NormCap
NormCap is a desktop application written in Python to quickly apply Optical Character Recognition (OCR) on any part of screen(s). It was born out of the need to extract text from screenshots that I received via e-mail, but is also applicable to many other use-cases like copying text from non-selectable user interface elements or even photographs.
It works like this:
- You start NormCap (a red border around screen appears)
- Select a region on the screen
- Wait a moment, while the text is being extracted from the image and copied to the clipboard
- Paste (Ctrl+v) the extracted image wherever you like.
Tech
- PySide6 (Qt) - Multi Platform UI Framework.
- briefcase - Tool for packaging Python applications for various platforms.
- Tesseract - The open source Optical Character Recognition engine.
Design goals
- Quick startup: The application is targeted towards occasional use, probably only a few power-users will leave it running in the background (system tray). Therefore a quick start will improve the user experience quite a lot.
- Simple to use: It should offer minimal customizability and focus on the core features. As a utility, it should many “stay out of your way”. A minimalist user interface also improves accessibility for non-English speakers and reduces localization efforts.
- Multi platform: The app should be working on all major operating system to make it available for a broader range of users and especially attractive for users that work on different systems (I myself work on various operating system as well).
- Multi screens: The desktop setup of many IT professionals or enthusiasts can get quite complex, including multiple displays, different resolutions, Hi-dpi displays, potentially in combined setup with non-Hi-dpi displays.
- “Intelligent”: Often, a user doesn’t want to retrieve the text 1:1 as it is shown on the screen. E.g. in longer paragraph of text, usually you don’t want to preserve the original line breaks. Or if you are selecting a group of email addresses, you usually do not want to include conjunctions like “and” but a plain list of the email addresses. The application should be able to handle common scenarios and adapt accordingly, but it also should be possible to opt out of such “intelligent” parsing.
What I have learned
- Consider to select one platform instead providing multi-platform support.
Integrating an application with different operating systems is quite time consuming to maintain and comes with trade-offs regarding user experience. Expect to spend a lot of time platform-related quirks. - Shipping a Python application as a user-friendly “binary” is an unsolved problem.
Tools like briefcase, Nutika, PyInstaller and others do a fabulous job, but still it is quite difficult to robustly package a Python application with them. Major pain points are external (non-Python) dependencies and installers (with proper updating mechanism). - QT is a powerful UI framework, but its Python bindings (PySide/PyQt) come with challenges.

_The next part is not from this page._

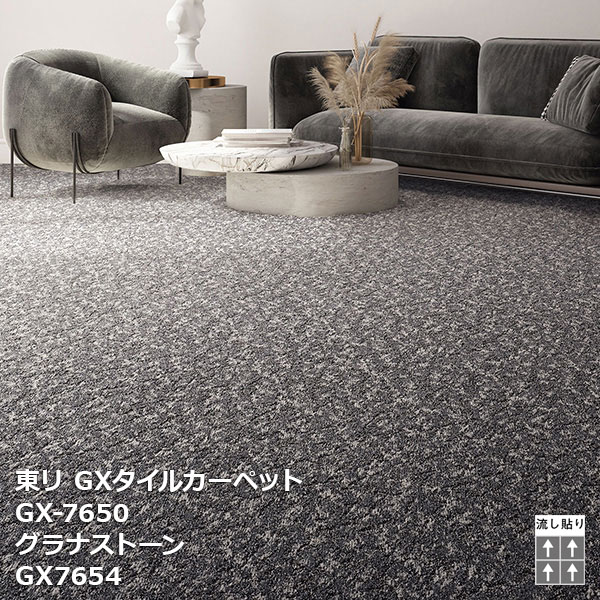楽天市場】GX-7650シリーズ東リ GXタイルカーペット GX7651,GX7652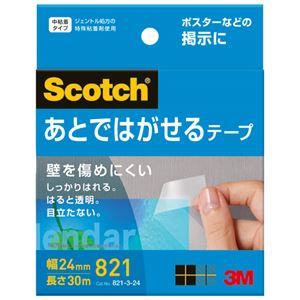 （まとめ） 3M スコッチ あとではがせるテープ大巻 24mm×30m 821-3-24 1巻 【×10セット】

One major pitfall can be the lifetime management of the Qt Objects, as the C++-objects can get destroyed without destroying the Python object and vice versa. Unit-testing and UI-testing comes with its own challenges, even with the support of pytest-qt. At last but not least, I find it quite challenging to structure the interaction flow via Qt’s Slots and Signals. It’s difficult to keep an overview about the different possible flows, and IDE’s provide little support here. - Taking screenshots on Linux is quite challenging
The various DE’s are so different and also change over time (I’m talking to you, Wayland). I can’t count the distros I had to install in a VM to reproduce bugs. - Showing full-screen windows consistently over all platforms is also super difficult.
Especially on macOS and, again, the different Linux DE’s. Also, supporting multi-monitor setups with differently scales is hard.